Construction has begun on OMA’s pyramid-shaped mixed-use building – Xinhu Hangzhou Prism – which forms the heart of Hangzhou’s Future Tech City in the new Technology Central Business District (CBD). The project is commissioned by Zhejiang Xinhu Haichuang Group. OMA’s design for Xinhu Hangzhou Prism integrates modernity into the beauty of the surrounding natural landscape. The complex will house a hotel, retail space, lofts and an atrium garden.
Richard Gilder Center for Science, Education, and Innovation by Studio Gang, Manhattan, New York, NY, United States
The latest addition to New York’s historic American Museum of Natural History, the Richard Gilder Center for Science, Education, and Innovation embodies the museum’s integrated mission of science education and exhibition. Informed by processes found in nature, the Central Exhibition Hall, which will serve as the Museum’s new Columbus Avenue entrance, forms a continuous, flowing spatial experience along an east-west axis.
Larwill Park, the site of the new Vancouver Art Gallery, is one of the last unbuilt city blocks on Vancouver’s Downtown Peninsula. The proposal for the new Vancouver Art Gallery is a sculptural, symmetrical, upright building.
From an urban standpoint it is a classical type: a recognizable public building along a prominent boulevard. The building has both a low and a tall component. The low component addresses human scale and street life, whilst the high one offers public visibility within the vertically dominated Downtown Peninsula.
The new Academy of Motion Pictures and Science Museum will revitalize the historic Streamline Moderne building which has been dormant for nearly two decades. The museum will feature approximately 175,000 square feet of public programming space including galleries, an education center, a theater, two screening rooms, a demonstration lab, and special event spaces. The theater will be surrounded by a translucent glass sphere and topped with a roof deck that will provide panoramic views of Los Angeles.
The Start-Up Exhibition and Conference Centre, the first building within Chengdu’s Unicorn Island masterplan, is nearing completion. With China’s economy evolving from traditional industries to internet and technology-based organizations, the country is now home to a third of the world’s technology start-ups valued at over a billion US dollars — termed ‘unicorn companies’. The 67-hectare Unicorn Island masterplan within the Tianfu New Area will foster the continued growth of China’s digital economy.
The new 1,300 seat concert hall is sited adjacent to the existing House of Culture. The building was designed as a “perfect acoustic instrument in its case” in collaboration with Nagata Acoustics. The new building will provide performance space for the Janáček Philharmonic Orchestra, the leading Czech orchestra for commissioning contemporary music.
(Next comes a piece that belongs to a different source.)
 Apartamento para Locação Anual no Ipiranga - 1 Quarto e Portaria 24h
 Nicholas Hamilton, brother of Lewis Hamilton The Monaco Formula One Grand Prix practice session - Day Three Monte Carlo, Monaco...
Pier55 is a public park and performance space on Manhattan’s lower west side commissioned by a new non-profit organization, funded primarily by the Diller –von Furstenberg family, which will build and operate the pier in cooperation with the Hudson River Park Trust. The new pier will be will be constructed between the pile fields of Pier 54 and Pier 56, which will remain in order to provide a fish habitat.